GAO: Approach Clearance Reform More Broadly
A closer look at the Government Accountability Office’s (GAO) latest report on security clearance reform is especially notable for recommending ways to quantify reforms beyond simply measuring wait-times for clearance approvals. GAO says that greater confidence in the “quality” of the clearance process is necessary, in part to “achieve fuller reciprocity” – that is, mutual acceptance of clearances across federal agencies. This is welcome news to those who support a more accountable and transparent security clearance process.
GAO reminds security clearance program evaluators that they ought to consider “customer perceptions about [clearance] investigations and internals controls to protect against fraud, waste, abuse, and mismanagement.” If followed, such standards of examination should help ensure greater fairness, accountability, and transparency in the security clearance process, all of which have slipped in importance while clearance reform has focused instead on timeliness issues. Most recently, GAO notes that the October 2007 Director of National Intelligence (DNI) report on clearance reforms:
had only one type of metric listed under the heading about how success [of security clearance process modernization] will be gauged. Specifically, the plan said that ‘performance of [Intelligence Community] agency personnel security programs meet or exceed [federal] guidelines for clearance case processing times.” [emphasis added]
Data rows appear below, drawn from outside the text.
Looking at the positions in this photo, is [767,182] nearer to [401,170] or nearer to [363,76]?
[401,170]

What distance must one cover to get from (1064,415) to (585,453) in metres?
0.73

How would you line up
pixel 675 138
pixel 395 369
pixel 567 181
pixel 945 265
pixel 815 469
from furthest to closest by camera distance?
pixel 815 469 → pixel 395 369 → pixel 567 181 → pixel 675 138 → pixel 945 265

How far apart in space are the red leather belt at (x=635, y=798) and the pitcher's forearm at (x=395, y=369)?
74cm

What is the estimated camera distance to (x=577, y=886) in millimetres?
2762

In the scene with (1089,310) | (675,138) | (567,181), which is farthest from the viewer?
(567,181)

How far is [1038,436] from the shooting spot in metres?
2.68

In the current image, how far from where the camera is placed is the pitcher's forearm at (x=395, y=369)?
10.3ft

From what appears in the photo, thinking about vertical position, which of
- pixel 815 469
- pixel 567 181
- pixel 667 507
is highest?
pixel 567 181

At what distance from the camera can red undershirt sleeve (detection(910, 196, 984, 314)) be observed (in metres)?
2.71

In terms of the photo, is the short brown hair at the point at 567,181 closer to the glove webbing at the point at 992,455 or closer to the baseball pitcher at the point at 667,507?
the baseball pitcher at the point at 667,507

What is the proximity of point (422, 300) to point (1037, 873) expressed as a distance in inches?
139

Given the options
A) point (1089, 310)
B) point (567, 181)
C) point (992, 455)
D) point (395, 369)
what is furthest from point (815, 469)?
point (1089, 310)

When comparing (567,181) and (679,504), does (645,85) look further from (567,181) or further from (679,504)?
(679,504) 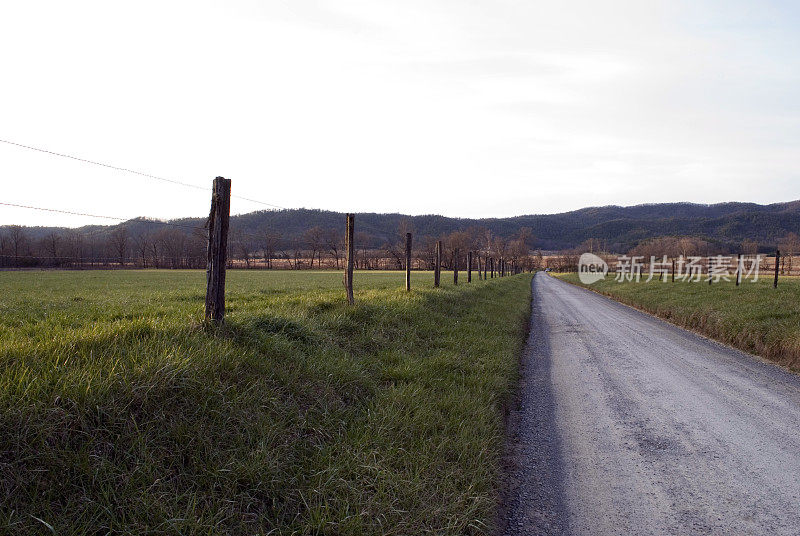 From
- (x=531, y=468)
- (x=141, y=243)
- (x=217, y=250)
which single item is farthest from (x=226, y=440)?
(x=141, y=243)

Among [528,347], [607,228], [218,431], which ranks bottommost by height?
[528,347]

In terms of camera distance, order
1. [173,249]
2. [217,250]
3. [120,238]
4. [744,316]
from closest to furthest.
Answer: [217,250], [744,316], [120,238], [173,249]

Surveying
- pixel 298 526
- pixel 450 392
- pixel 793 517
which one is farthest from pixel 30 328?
pixel 793 517

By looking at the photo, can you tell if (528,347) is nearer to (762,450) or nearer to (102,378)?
(762,450)

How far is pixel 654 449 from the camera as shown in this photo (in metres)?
4.38

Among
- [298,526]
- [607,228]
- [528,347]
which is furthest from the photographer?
[607,228]

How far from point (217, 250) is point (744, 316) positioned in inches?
551

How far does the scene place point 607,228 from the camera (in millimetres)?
194750

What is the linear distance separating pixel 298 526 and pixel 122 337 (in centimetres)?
296

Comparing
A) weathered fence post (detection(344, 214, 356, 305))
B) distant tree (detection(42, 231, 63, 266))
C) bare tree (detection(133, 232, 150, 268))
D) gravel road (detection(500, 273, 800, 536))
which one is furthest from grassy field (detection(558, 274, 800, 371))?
distant tree (detection(42, 231, 63, 266))

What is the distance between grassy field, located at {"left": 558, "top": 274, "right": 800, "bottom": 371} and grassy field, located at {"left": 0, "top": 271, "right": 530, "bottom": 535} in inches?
317

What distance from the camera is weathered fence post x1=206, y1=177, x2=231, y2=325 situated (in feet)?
17.5

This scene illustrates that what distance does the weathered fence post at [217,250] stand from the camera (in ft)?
17.5

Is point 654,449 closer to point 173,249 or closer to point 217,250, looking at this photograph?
point 217,250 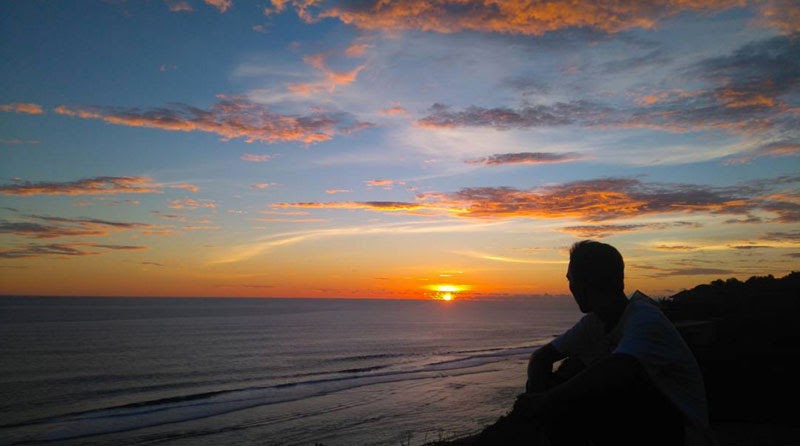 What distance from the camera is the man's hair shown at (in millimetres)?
2566

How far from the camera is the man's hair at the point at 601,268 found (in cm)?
257

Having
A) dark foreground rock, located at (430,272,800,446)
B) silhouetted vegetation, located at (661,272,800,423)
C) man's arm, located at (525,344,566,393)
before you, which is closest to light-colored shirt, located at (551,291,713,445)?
man's arm, located at (525,344,566,393)

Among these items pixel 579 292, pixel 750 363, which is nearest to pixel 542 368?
pixel 579 292

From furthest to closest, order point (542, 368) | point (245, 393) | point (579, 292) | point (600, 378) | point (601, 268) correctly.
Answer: point (245, 393) < point (542, 368) < point (579, 292) < point (601, 268) < point (600, 378)

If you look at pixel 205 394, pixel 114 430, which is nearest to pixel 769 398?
pixel 114 430

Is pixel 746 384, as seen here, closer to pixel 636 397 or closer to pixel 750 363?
pixel 750 363

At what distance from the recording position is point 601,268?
8.43 feet

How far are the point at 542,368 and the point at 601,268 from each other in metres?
0.78

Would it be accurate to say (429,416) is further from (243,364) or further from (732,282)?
(732,282)

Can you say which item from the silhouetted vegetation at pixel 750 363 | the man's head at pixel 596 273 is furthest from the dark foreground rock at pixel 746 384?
the man's head at pixel 596 273

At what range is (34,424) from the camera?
20734 millimetres

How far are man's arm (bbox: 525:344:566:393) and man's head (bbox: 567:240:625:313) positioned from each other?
1.53 ft

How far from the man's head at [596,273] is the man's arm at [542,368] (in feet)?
1.53

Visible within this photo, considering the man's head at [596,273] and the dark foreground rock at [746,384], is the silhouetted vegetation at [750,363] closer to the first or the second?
the dark foreground rock at [746,384] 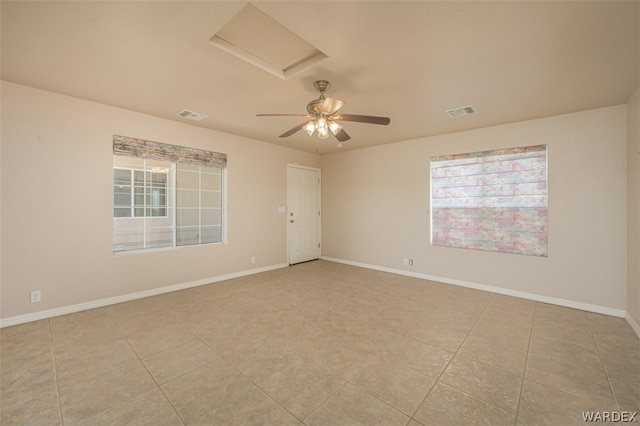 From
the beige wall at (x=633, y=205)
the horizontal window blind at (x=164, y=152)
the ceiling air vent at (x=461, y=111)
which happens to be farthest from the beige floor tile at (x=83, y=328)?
the beige wall at (x=633, y=205)

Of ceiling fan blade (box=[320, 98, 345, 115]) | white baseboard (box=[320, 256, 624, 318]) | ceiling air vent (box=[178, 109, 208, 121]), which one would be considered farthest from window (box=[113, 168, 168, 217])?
white baseboard (box=[320, 256, 624, 318])

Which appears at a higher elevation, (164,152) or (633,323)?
(164,152)

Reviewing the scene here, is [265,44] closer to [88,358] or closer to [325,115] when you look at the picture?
[325,115]

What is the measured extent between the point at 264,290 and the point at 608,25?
4.41 m

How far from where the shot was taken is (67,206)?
10.5 feet

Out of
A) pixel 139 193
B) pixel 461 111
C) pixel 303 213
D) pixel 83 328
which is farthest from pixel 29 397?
pixel 461 111

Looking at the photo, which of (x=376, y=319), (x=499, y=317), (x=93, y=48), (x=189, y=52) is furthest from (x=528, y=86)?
(x=93, y=48)

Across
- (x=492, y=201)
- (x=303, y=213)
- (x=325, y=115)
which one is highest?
(x=325, y=115)

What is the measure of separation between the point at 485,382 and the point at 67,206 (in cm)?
463

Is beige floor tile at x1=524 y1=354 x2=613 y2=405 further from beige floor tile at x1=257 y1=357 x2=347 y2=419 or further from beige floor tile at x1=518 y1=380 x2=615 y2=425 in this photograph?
beige floor tile at x1=257 y1=357 x2=347 y2=419

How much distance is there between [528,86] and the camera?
9.12ft

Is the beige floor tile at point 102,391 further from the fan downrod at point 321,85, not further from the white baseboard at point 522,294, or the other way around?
the white baseboard at point 522,294

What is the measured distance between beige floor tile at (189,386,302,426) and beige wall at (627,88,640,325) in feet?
12.2

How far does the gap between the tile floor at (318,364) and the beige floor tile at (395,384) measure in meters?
0.01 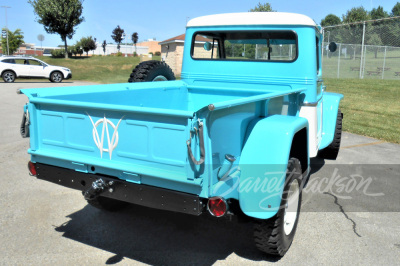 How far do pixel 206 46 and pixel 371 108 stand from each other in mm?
8175

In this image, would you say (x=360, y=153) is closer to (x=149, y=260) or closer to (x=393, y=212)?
(x=393, y=212)

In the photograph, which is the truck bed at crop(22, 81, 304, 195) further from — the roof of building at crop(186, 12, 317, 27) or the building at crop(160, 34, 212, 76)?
the building at crop(160, 34, 212, 76)

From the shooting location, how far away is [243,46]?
523cm

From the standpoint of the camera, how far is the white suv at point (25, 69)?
68.5 feet

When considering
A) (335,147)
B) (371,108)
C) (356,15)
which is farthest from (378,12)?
(335,147)

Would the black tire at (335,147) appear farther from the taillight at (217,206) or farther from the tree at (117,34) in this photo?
the tree at (117,34)

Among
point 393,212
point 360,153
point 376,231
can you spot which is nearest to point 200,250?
point 376,231

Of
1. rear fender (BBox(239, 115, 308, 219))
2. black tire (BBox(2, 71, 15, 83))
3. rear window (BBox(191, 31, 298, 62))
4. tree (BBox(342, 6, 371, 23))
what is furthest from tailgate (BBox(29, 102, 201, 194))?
tree (BBox(342, 6, 371, 23))

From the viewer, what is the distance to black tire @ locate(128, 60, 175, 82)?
5504 millimetres

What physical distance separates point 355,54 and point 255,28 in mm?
17175

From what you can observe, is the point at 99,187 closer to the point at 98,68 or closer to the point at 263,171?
the point at 263,171

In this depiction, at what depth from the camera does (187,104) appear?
4871 millimetres

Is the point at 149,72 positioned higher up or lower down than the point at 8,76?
higher up

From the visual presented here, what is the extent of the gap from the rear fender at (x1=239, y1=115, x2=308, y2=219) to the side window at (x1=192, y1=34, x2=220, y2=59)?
251 centimetres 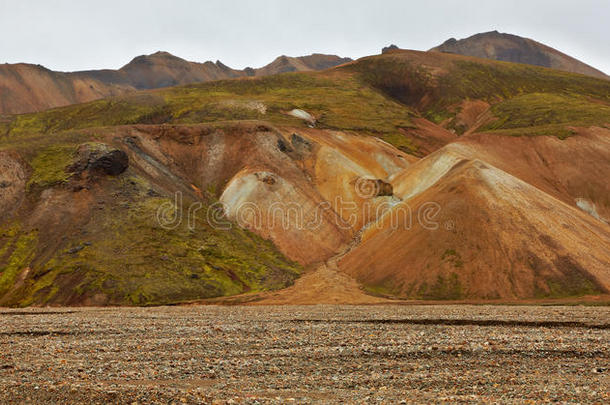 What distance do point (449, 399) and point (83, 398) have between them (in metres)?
11.0

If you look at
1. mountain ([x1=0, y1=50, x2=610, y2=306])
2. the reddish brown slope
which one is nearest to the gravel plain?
the reddish brown slope

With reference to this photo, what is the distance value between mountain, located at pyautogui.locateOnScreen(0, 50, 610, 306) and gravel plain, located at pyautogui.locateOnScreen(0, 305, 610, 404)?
12982 mm

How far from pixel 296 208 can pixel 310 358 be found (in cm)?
4598

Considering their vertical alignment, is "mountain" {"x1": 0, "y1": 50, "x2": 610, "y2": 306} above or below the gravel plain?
above

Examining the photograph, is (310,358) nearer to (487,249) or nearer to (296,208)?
(487,249)

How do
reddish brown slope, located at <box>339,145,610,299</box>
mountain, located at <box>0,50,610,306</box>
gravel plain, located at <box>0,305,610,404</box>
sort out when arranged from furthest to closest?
mountain, located at <box>0,50,610,306</box>
reddish brown slope, located at <box>339,145,610,299</box>
gravel plain, located at <box>0,305,610,404</box>

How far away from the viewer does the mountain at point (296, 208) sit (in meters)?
44.2

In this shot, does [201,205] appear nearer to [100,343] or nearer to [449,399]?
[100,343]

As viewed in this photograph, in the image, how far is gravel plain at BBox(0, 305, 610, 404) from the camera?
15.4m

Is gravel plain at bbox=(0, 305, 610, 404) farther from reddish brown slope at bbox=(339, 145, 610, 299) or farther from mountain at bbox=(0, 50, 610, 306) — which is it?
mountain at bbox=(0, 50, 610, 306)

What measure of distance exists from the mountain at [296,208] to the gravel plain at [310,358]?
42.6ft

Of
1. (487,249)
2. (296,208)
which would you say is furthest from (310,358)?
(296,208)

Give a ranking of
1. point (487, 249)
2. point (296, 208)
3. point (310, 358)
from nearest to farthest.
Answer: point (310, 358), point (487, 249), point (296, 208)

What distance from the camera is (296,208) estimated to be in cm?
6625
Other important points in the GAO report:
- The John Warner National Defense Authorization Act of 2007 (P.L. 109-364) requires that the Department of Defense (DoD) report annually on personnel security investigations;
- In July 2007, a cross-agency Security Clearance Process Reform Team was established to design a future security clearance system;
- Prerequisites to issuing a Top Secret clearance include electronic data-gathering as well as inverviews with the subject of the investigation request, references in the workplace, and neighbors;
- The Intelligence Reform and Terrorism Prevention Act of 2004 requires that the Office of Management and Budget (OMB) issue a report, the last of which was dated February 2007, of the Security Clearance Oversight Committee, an interagency working group. The group includes representatives of OMB, DoD, DHS, Energy, Justice, Transportation, Commerce, State, DNI, National Security Council, and the National Archives and Records Administration.